Background information
- Born: Gary Harry James 14 December 1960 (age 65) Beckenham, Kent, England
- Genres: Hard rock
- Occupation: Drummer
- Years active: 1980s–present
- Member of: Thunder
- Formerly of: Magnum; Terraplane;
- Website: www.harryjames.info

= Harry James (drummer) =

Gary Harry James (born 14 December 1960) is an English drummer best known for his work with hard rock bands Thunder and Magnum.

James began playing drums at age eight, following in the footsteps of his father. He played his first gig in his early teens. Popular with rock fans as much for his cheerful persona as for his powerhouse drumming, he was previously a member of 1980s group Terraplane, along with future Thunder members Luke Morley and Danny Bowes.

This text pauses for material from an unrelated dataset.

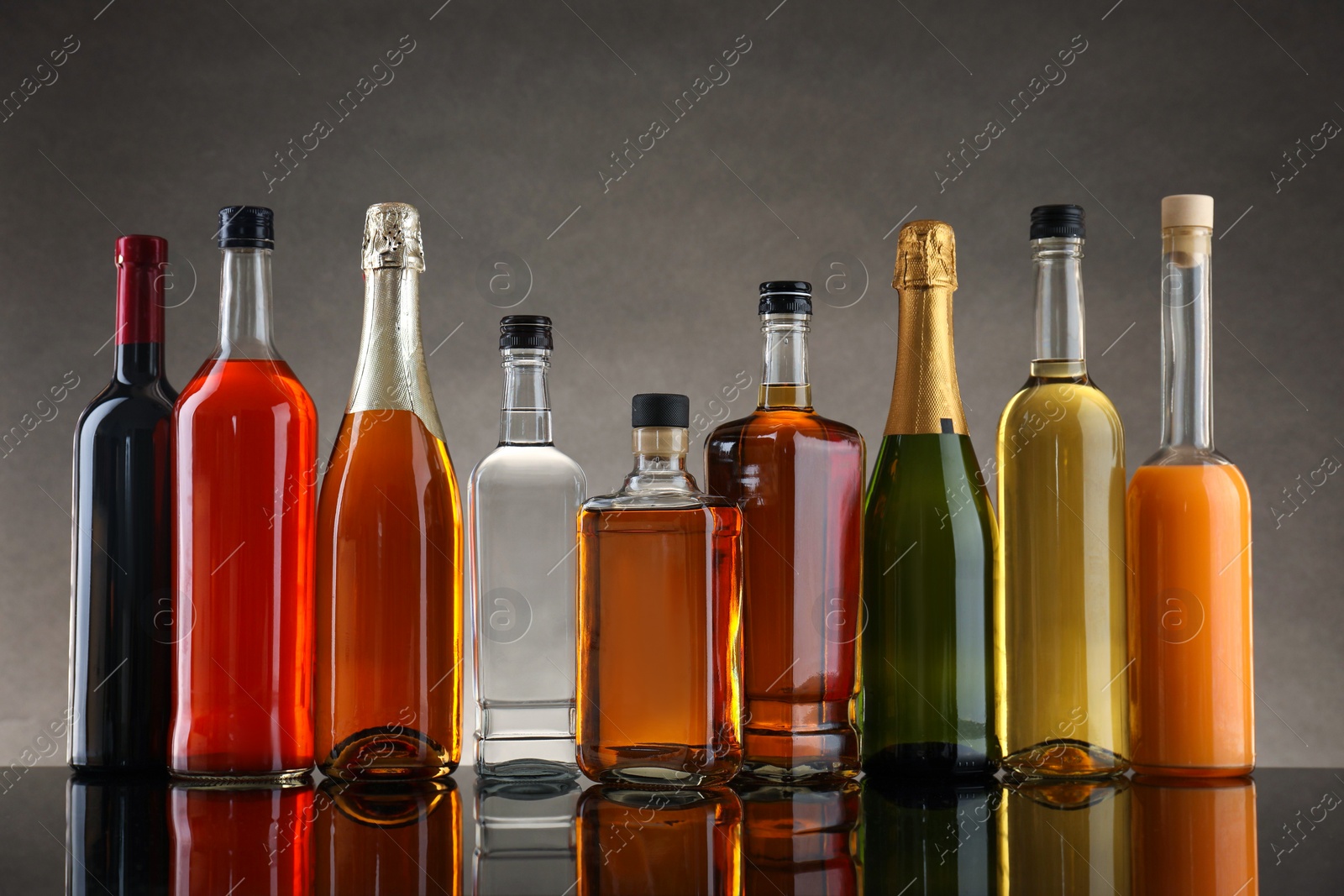 Photo of Bottles of different alcoholic drinks on table against gray background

He also plays drums with Snakecharmer, Cregan & Co and London blues-rock act Bad Influence. He has performed live on stage with The Ian Gillan Band, Graham Bonnet, Don Airey, Mick Ralphs, Paul Young and made a guest appearance playing drums for UK the prog rock band Breathing Space.

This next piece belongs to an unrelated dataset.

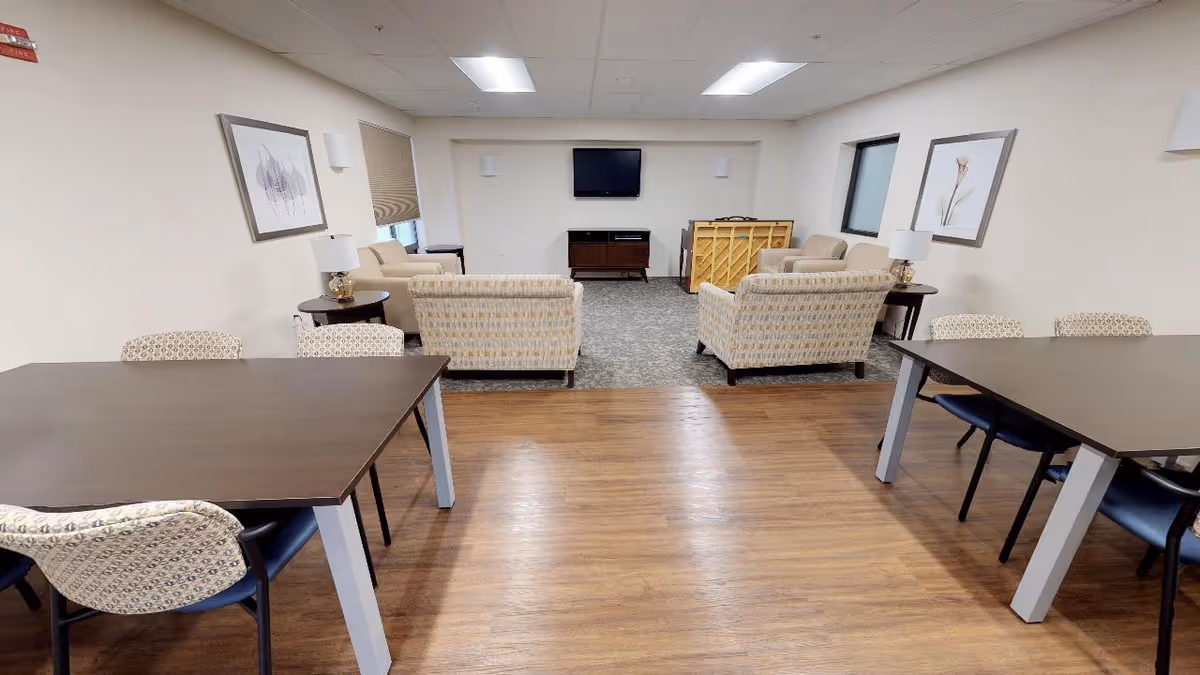 A senior living community common area with two dark wooden tables and patterned chairs in the foreground, and a seating area with beige patterned armchairs and a sofa facing a wall-mounted TV in the background. The room has light-colored walls, framed artwork, and wood flooring transitioning to carpet near the seating area.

In the studio, as well as his extensive back catalogue with Thunder and Magnum, Harry has contributed to work by Don Airey, Russ Ballard, Shadowman (featuring FM's vocalist Steve Overland, Heartland's Steve Morris and Thunder's Chris Childs), Kate Aumonier, Carl Sentance, Bucket & Co and Hellfire Corner.

James is backed by Pearl, Paiste, Pro-Mark and Protection Racket.